Stored items:
########################################
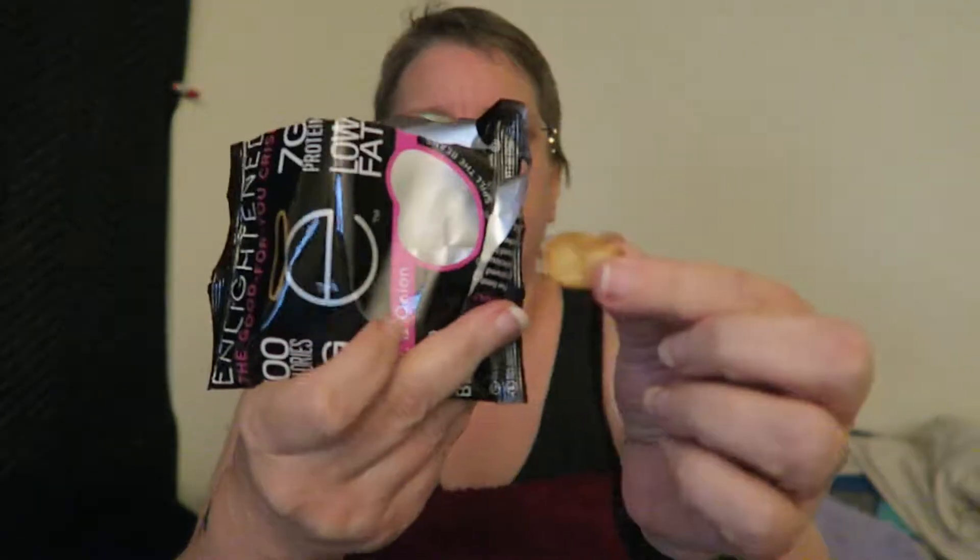Here's what it looks like inside the package. Yeah, you can smell the garlic and a little bit of the onion. They look nice.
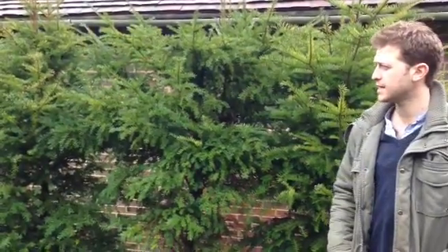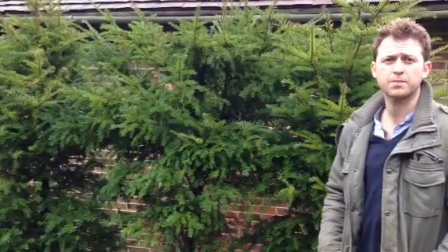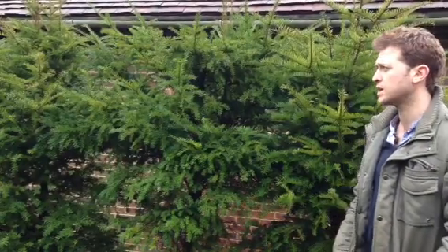This is it behind me here. It's used in design for all kinds of things like screening, softening up hard walls, and just creating a bit of a contrast with stone and things like that. It's a really deep green and we use it quite a lot. It's more of an expensive shrub, but it's for a reason because it's pretty useful and a very nice shrub at the same time.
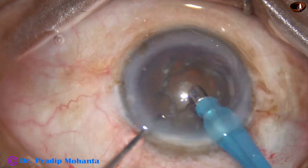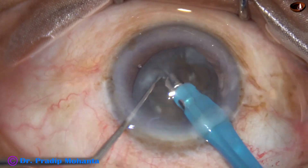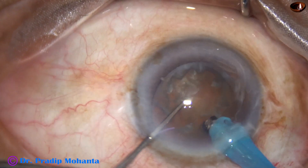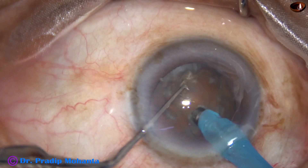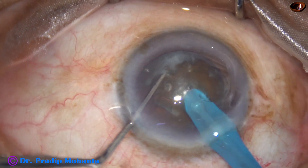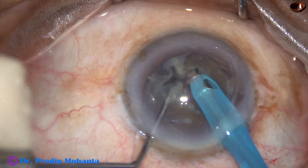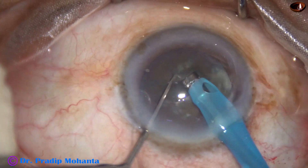The phaco needle goes in beveled down. Some superficial cortical lens matter is removed and now watch submarine chop. The phaco needle travels through the substance of the nucleus and a nice crack is achieved.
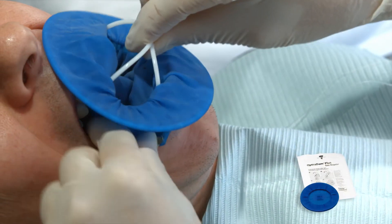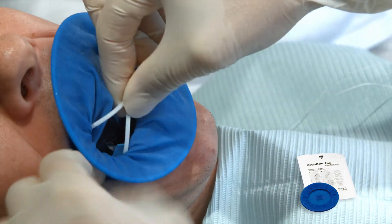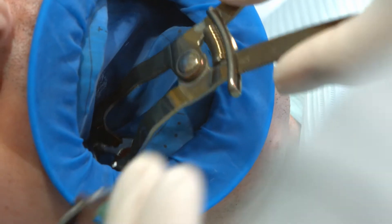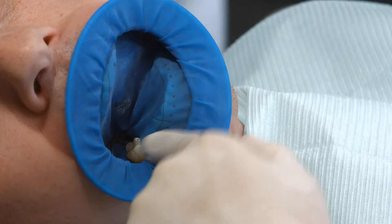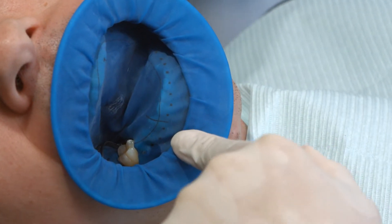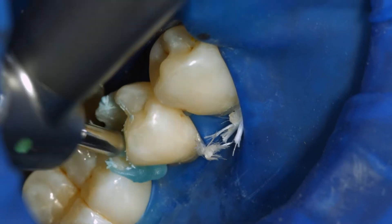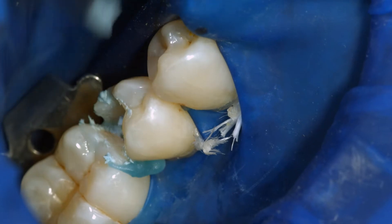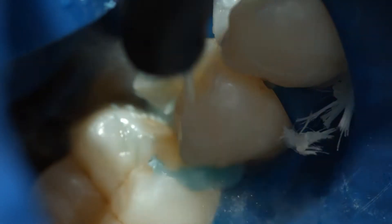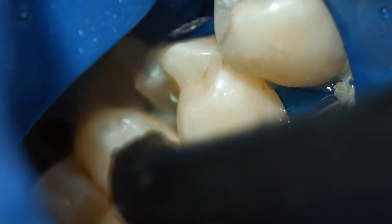When an adhesive luting protocol with composites is used, reliable isolation of the operating field is indispensable. Preferably, place an anatomically shaped rubber dam, such as the Optra dam, or alternatively use cotton rolls and a saliva ejector. Clean the preparation again with a polishing brush and a fluoride-free cleaning paste such as fluoride-free Proxit. Rinse the preparation with water spray and dry it with air. Avoid over-drying.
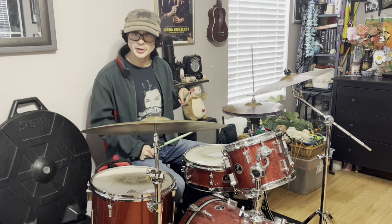The track 'Myxomatosis' has a really unique and unusual 8-bar drum pattern, and the version I'm going to demonstrate for you is actually from the basement sessions they did for In Rainbows.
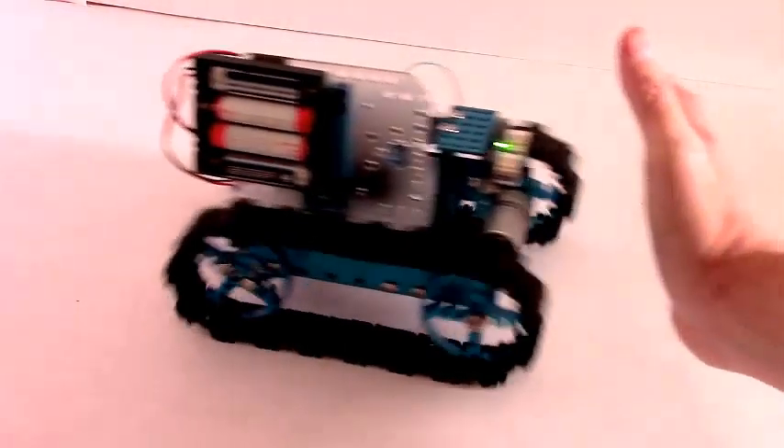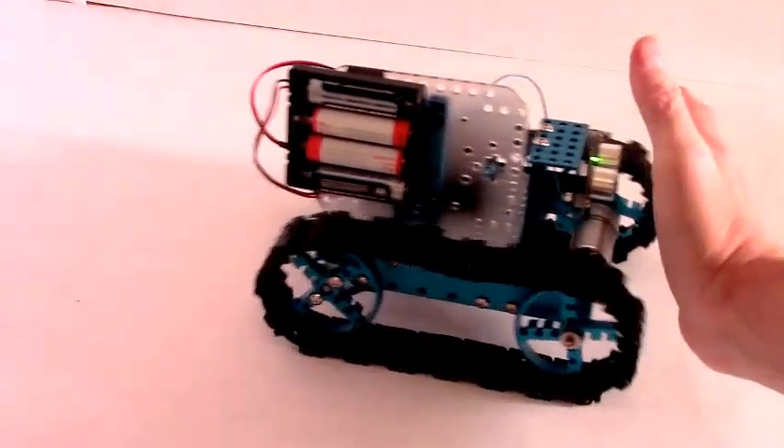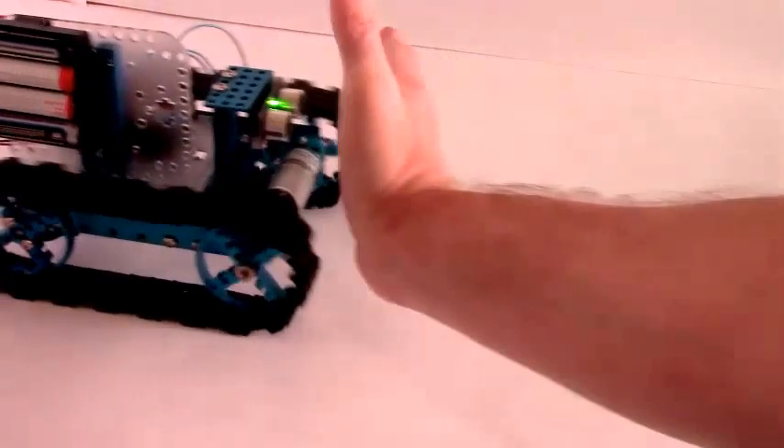It doesn't want me to get too close and it doesn't want me to get too far away. It's still got a little jerkiness — not perfectly smooth — but some of that is due to the reflection of the ping on my hand. My hand is not the best surface for this kind of test.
########################################
- **Instructions to follow**: Return word for word the line bearing "The track 'Myxomatosis'" and every later line of the entries, but none of the pictures.

- **Expected answer**:
The track 'Myxomatosis' has a really unique and unusual 8-bar drum pattern, and the version I'm going to demonstrate for you is actually from the basement sessions they did for In Rainbows.
It doesn't want me to get too close and it doesn't want me to get too far away. It's still got a little jerkiness — not perfectly smooth — but some of that is due to the reflection of the ping on my hand. My hand is not the best surface for this kind of test.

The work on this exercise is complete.